Jennyfer Limage

Personal information
- Date of birth: 25 December 1997 (age 28)
- Place of birth: Port-au-Prince, Haiti
- Height: 1.80 m (5 ft 11 in)
- Position(s): Defensive midfielder; centre-back;

Team information
- Current team: Lens
- Number: 3

Senior career*
- Years: Team / Apps / (Gls)
- –2021: Blainville
- 2021–2023: Grenoble / 34 / (3)
- 2023–: Lens / 3 / (0)

International career^{‡}
- 2015–: Haiti / 13 / (0)

= Jennyfer Limage =

Haitian footballer (born 1997)

Jennyfer Limage (born 25 December 1997) is a Haitian professional footballer who plays for Seconde Ligue club Lens and the Haiti national team. Mainly a defensive midfielder, she can also operate as a centre-back.

==Club career==
Limage trained at Ranch de la Croix-des-Bouquets. Limage began her career with the Canadian semi-professional club Blainville, where she suffered a torn ACL. She then joined the French Division 2 club Grenoble Foot 38 in 2021.

==International career==
On 18 September 2015, Limage made her senior debut for the Haiti women's national team against the United States.
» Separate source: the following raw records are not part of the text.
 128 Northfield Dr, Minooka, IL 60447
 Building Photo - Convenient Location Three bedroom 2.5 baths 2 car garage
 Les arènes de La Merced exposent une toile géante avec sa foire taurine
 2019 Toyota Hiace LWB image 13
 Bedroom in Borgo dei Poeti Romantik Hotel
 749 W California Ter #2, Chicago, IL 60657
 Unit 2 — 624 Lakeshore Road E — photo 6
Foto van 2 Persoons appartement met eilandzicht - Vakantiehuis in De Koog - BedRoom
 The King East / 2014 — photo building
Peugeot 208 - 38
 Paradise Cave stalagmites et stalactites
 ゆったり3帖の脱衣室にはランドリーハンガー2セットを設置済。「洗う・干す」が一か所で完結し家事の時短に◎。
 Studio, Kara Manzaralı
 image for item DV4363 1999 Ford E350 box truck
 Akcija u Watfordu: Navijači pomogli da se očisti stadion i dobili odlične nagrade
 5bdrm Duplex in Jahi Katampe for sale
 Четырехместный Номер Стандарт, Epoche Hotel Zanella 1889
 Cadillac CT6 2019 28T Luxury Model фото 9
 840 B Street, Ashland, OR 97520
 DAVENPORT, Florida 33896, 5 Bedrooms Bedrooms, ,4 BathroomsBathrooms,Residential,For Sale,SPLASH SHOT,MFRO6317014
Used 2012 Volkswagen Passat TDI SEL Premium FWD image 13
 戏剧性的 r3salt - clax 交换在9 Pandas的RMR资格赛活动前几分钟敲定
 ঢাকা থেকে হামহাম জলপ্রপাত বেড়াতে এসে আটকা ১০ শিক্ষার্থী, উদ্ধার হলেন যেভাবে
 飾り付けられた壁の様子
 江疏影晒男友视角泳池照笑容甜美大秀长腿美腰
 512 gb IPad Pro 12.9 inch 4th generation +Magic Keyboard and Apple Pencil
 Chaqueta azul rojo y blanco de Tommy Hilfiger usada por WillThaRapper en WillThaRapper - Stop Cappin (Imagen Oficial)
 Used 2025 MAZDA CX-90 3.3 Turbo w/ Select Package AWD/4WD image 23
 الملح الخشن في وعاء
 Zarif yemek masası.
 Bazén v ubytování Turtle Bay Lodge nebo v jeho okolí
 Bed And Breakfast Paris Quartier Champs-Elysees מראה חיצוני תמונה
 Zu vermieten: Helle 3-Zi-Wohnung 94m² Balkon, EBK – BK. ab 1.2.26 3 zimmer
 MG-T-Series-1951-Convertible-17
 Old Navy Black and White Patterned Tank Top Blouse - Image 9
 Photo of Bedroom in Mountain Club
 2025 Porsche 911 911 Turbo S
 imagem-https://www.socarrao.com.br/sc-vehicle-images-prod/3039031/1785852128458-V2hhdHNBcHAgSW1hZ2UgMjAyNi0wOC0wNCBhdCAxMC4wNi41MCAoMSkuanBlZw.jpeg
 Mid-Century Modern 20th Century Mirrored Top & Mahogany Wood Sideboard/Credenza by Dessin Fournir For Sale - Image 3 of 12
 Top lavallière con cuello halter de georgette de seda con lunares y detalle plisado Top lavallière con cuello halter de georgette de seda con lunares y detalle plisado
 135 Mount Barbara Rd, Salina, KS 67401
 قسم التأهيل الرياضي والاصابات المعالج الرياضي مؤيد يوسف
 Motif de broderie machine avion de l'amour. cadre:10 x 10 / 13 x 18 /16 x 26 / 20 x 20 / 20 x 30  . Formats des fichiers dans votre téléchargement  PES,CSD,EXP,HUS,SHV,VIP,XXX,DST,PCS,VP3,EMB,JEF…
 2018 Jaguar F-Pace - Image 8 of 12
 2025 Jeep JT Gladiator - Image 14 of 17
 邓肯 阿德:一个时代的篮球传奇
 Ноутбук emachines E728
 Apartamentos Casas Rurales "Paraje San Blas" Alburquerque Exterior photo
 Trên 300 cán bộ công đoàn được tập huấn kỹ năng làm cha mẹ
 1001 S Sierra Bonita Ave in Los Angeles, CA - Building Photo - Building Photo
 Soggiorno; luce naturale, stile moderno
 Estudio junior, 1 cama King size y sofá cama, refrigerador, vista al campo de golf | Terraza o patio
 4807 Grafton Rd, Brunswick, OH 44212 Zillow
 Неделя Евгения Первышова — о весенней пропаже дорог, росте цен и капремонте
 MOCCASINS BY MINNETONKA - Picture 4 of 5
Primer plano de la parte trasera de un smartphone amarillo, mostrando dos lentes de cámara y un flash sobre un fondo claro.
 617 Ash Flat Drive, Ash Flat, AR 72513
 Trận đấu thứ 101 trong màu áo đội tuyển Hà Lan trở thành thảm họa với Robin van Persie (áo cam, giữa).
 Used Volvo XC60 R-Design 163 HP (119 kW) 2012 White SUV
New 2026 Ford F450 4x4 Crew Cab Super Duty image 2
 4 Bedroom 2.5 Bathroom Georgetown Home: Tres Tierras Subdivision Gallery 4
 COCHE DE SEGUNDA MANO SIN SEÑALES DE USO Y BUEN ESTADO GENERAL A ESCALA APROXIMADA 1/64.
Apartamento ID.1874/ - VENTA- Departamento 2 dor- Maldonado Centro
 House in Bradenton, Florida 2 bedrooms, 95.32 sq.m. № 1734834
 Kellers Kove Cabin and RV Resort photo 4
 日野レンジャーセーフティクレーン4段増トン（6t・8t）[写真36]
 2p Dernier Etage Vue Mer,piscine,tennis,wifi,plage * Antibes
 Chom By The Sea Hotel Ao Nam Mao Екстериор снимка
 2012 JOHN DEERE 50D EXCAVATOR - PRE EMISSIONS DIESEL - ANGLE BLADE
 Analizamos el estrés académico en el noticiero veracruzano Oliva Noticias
In 2023, Limage and her teammates, three of whom play with her in Grenoble (Chelsea Surpris, Maudeline Moryl and Sherly Jeudy) which is also managed by head coach Nicolas Delépine, qualified for the Women's World Cup for the first time in their history.

==Style of play==
Limage originally started at the left-back position before being converted to centre-back in the Haitian squad. She has also played as a defensive midfielder since her arrival at Grenoble.